Estimated total profiling overhead: 0.08 seconds



Thus, the ratio between the iteration mechanics and the EVAL-SEGMENT
call is:

* (/ (- (* 5 .0052) .01419)
     (- 0.01419 .0052))
1.3136821
*

Is this overhead unavoidable?

Thanks for any ideas!

Lyle

From: Simon Leinen
Subject: Re: ? on efficient iteration over structures
Date: 
Message-ID: <SIMON.94Oct13123801@ligsg6.epfl.ch>
Your comparison is somewhat unfair in that the non-iterating version
evals the same segment five times.  It is very likely that all data
necessary for the computation fit in the (primary data) cache, so the
second to fifth iterations might be much faster than the first.  If I
understand correctly, the iteration tests were done on "real" data,
where there are actually 1000 distinct segments with their attached
data structures.  These certainly won't fit in the primary cache on
the SPARC.

To test whether the difference is due to overhead of the iteration
constructs rather than from caching effects, you should fill all slots
in the data structures with the same segment and try again.

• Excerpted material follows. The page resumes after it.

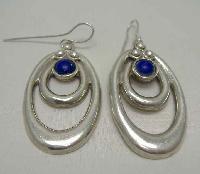 £27.00 - Vintage 70s Fabulous Heavy Oval Sterling Silver Lapis Lazuli Earrings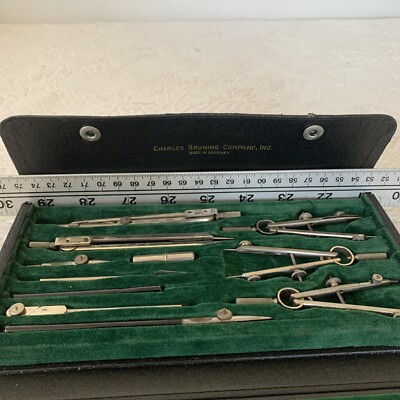 BRUNING  Drafting Compass & Tools Instruments Vintage Engineering Germany Case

If it turns out that the performance loss is because of caching, you
should try to improve the locality of the data you are actually using.
For example, you could make a copy of the "important" (i.e. used in
the time-critical part) slots of your segments and nodes and store
them in vectors of smaller structs or simply vectors of numbers.
-- 
Simon.
From: Barry Margolin
Subject: Re: ? on efficient iteration over structures
Date: 
Message-ID: <37k2el$5q@tools.near.net>
In article <···················@ligsg6.epfl.ch> ·····@lig.di.epfl.ch (Simon Leinen) writes:
>To test whether the difference is due to overhead of the iteration
>constructs rather than from caching effects, you should fill all slots
>in the data structures with the same segment and try again.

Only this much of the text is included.